Only one stretch of the data below is wanted: the lines from the one with "this 600×337 image." through the one with "this 845×633 image.", repeated exactly.

◆ Data for the task ◆
- - - -

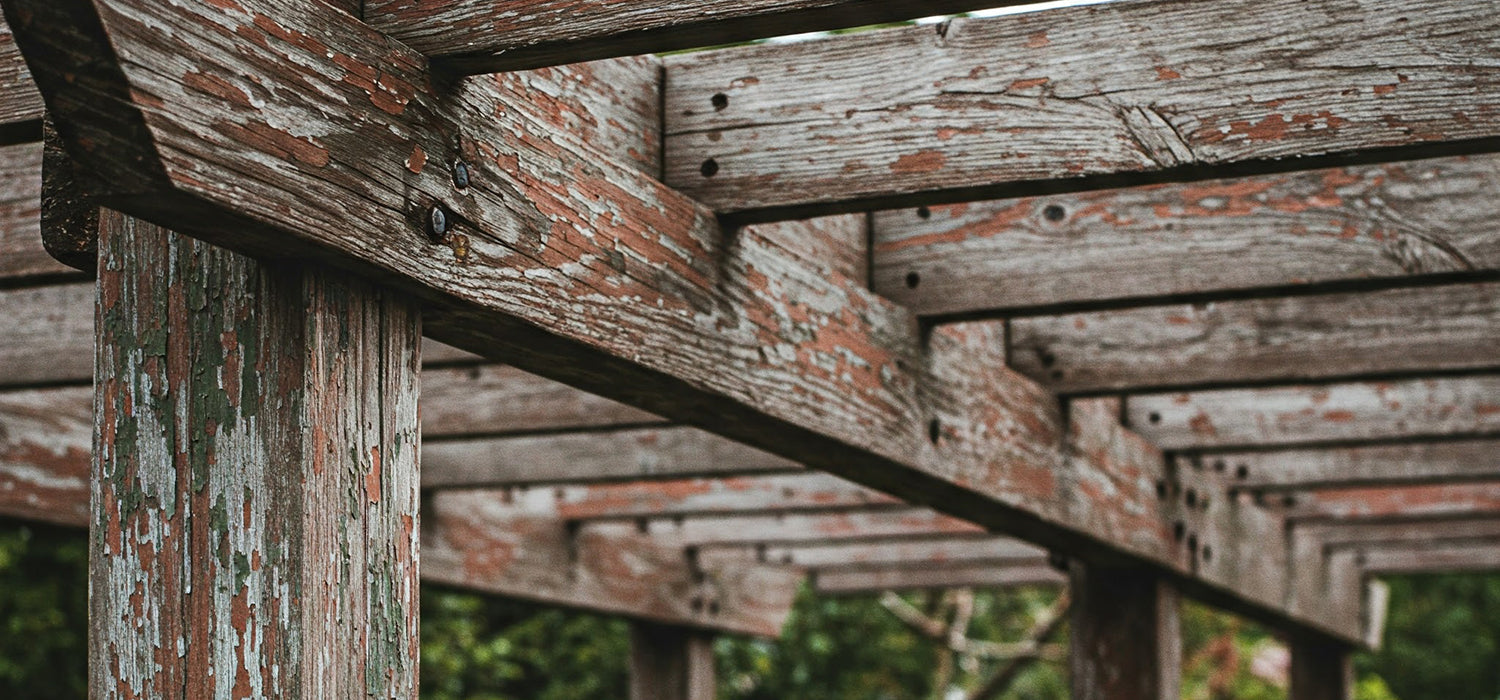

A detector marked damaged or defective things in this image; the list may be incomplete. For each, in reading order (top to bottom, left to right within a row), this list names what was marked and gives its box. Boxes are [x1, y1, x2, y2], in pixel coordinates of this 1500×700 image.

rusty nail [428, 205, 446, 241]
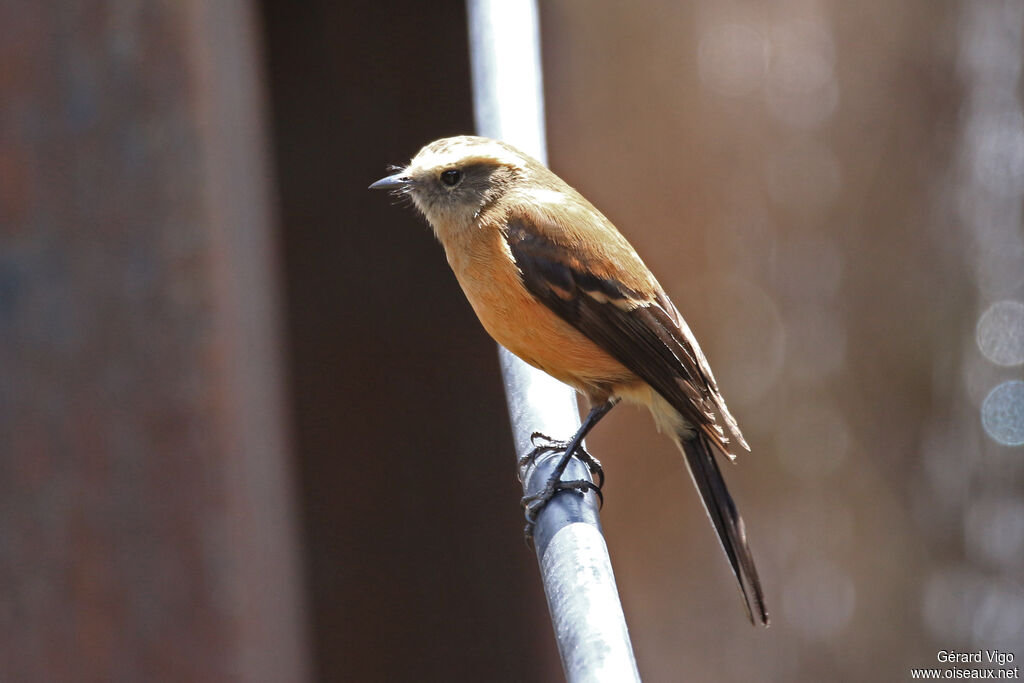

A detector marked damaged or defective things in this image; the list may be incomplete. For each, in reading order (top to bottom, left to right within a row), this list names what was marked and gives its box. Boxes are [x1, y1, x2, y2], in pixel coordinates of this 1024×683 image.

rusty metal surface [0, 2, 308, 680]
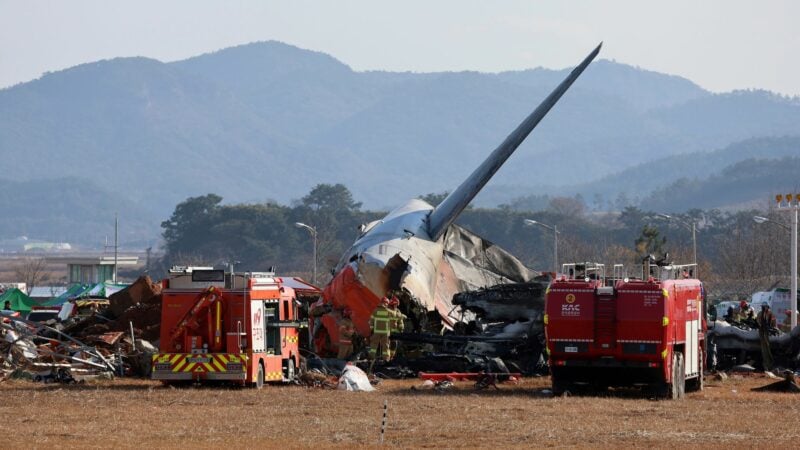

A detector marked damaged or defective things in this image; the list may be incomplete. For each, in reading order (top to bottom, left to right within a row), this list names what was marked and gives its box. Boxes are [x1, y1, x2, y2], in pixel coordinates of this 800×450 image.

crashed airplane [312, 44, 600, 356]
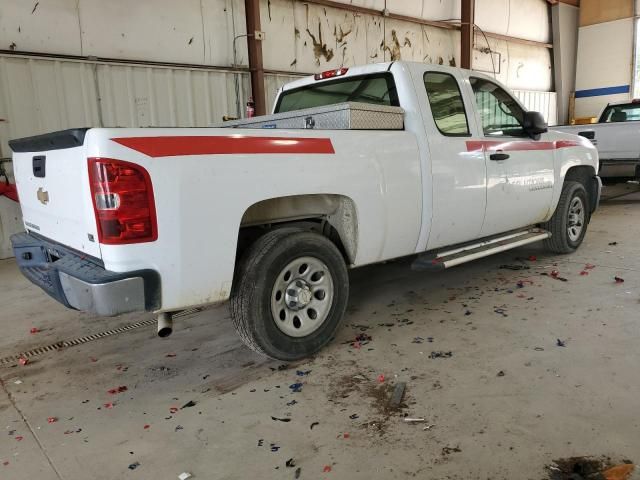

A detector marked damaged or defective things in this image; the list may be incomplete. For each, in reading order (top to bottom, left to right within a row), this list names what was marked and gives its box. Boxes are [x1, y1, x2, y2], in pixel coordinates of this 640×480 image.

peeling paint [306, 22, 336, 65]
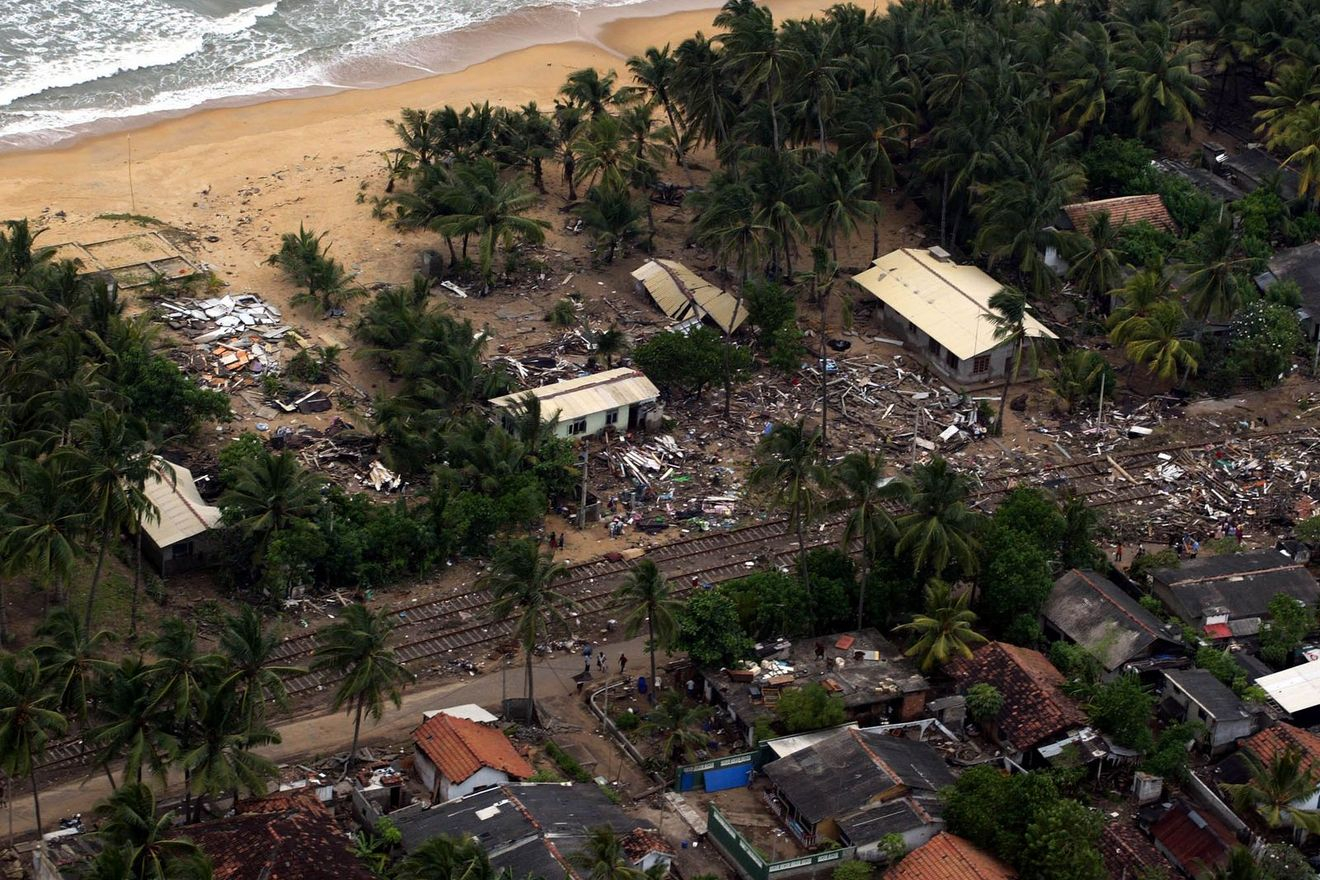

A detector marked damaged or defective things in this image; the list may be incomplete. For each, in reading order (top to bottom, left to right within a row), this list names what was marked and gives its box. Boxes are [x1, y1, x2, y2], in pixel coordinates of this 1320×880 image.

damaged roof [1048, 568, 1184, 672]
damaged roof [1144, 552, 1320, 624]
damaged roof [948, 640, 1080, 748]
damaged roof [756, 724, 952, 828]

- - - -

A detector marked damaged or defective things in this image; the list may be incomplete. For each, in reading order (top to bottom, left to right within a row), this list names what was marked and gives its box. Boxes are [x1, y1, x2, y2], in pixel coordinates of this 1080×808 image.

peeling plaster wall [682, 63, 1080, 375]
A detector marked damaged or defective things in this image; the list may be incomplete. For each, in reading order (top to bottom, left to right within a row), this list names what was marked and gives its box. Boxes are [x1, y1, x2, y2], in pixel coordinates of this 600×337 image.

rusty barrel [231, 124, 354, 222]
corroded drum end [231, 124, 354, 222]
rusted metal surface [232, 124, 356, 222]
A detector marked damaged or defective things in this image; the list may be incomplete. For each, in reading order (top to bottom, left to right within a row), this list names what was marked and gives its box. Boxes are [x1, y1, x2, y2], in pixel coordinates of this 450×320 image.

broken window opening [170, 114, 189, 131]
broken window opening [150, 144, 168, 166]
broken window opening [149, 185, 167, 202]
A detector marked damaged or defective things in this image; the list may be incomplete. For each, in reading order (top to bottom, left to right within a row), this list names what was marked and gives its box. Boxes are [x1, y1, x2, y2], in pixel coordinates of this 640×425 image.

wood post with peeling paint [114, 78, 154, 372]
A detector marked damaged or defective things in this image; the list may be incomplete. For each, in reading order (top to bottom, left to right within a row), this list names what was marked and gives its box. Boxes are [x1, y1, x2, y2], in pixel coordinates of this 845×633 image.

- - - -

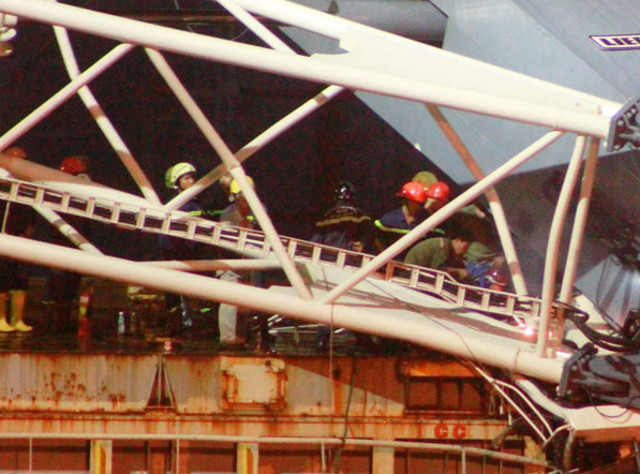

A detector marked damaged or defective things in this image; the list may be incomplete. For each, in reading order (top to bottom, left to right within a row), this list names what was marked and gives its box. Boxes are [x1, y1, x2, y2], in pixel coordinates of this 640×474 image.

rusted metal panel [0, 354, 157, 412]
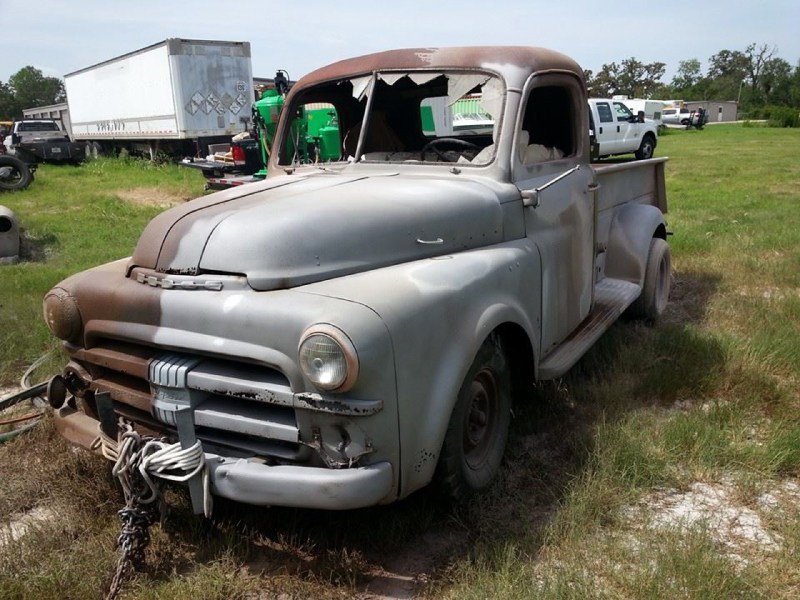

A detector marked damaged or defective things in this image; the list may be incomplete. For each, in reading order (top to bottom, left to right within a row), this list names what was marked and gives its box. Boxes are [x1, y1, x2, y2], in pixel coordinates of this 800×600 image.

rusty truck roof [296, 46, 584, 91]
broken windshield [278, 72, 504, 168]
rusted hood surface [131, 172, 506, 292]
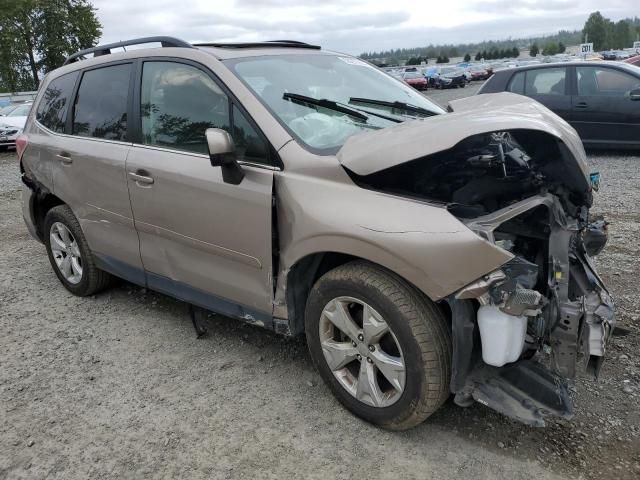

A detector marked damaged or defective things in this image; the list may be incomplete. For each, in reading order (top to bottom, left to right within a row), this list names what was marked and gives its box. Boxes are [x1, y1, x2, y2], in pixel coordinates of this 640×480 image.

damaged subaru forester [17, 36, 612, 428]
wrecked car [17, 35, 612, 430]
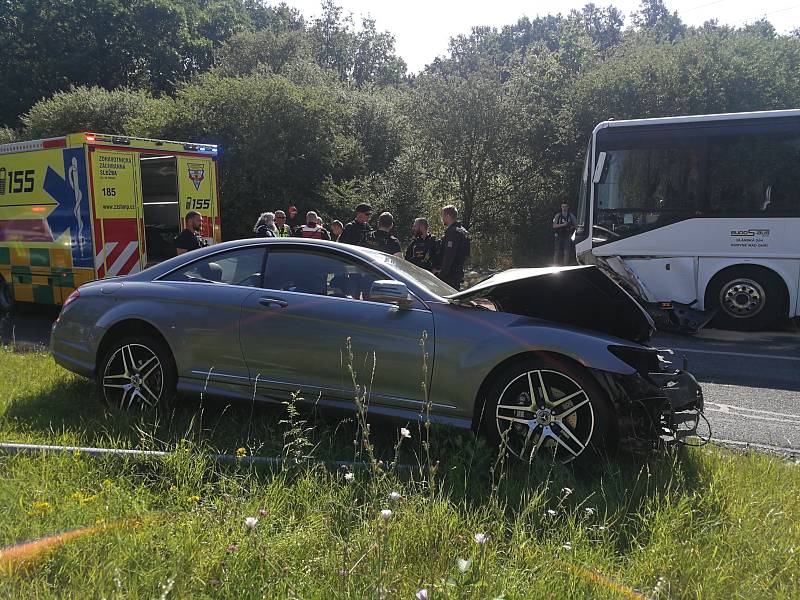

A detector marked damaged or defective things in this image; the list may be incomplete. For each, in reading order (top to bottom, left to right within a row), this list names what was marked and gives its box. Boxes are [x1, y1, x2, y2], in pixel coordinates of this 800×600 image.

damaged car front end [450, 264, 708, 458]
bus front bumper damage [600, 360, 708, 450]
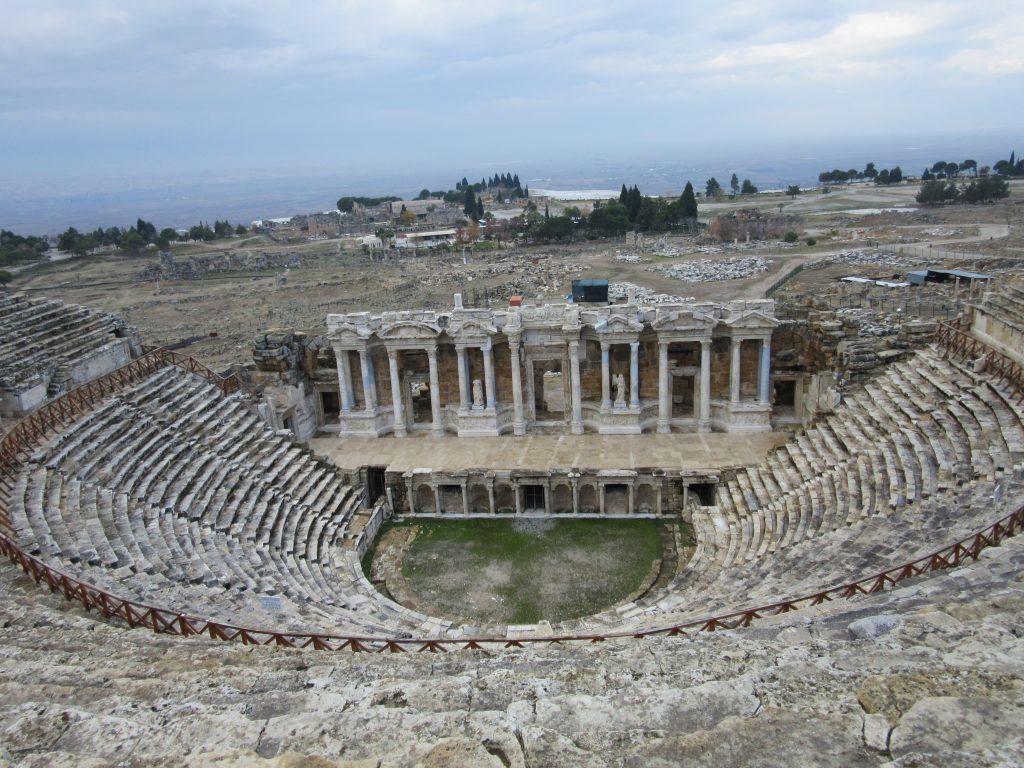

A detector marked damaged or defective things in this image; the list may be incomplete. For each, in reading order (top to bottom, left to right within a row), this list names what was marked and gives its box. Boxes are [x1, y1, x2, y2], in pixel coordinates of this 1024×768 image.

- - - -

◆ Solution to this task ◆
A detector marked damaged or defective things in this image; the list may be incomplete. For each, in reading order (top to bottom, left to right within a row), this list names what was marked and gives its box. Boxes are [x1, y1, x2, y2], in pixel coordinates of this 600×337 image.

rusty barrel [231, 124, 354, 222]
corroded drum end [231, 124, 354, 222]
rusted metal surface [232, 124, 356, 222]
A detector marked damaged or defective things in this image; the list may be incomplete. For each, in reading order (top to bottom, left to right within a row), this list names what was marked and gives its box. Boxes are [x1, y1, x2, y2], in pixel coordinates of this 450×320 image.

broken window opening [170, 114, 189, 131]
broken window opening [150, 144, 168, 166]
broken window opening [149, 185, 167, 202]
A detector marked damaged or defective things in this image; the list may be incomplete. For each, in reading order (top to bottom, left to right within a row), this list names what was marked and gives its box. Boxes are [x1, y1, x2, y2], in pixel coordinates of this 640×425 image.

wood post with peeling paint [114, 78, 154, 372]
A detector marked damaged or defective things in this image; the list may be incomplete. For each, in reading order (top to bottom, left to right within a row), this list names what was marked and gives its box. Boxes are [x1, y1, x2, y2], in pixel coordinates of this 845×633 image.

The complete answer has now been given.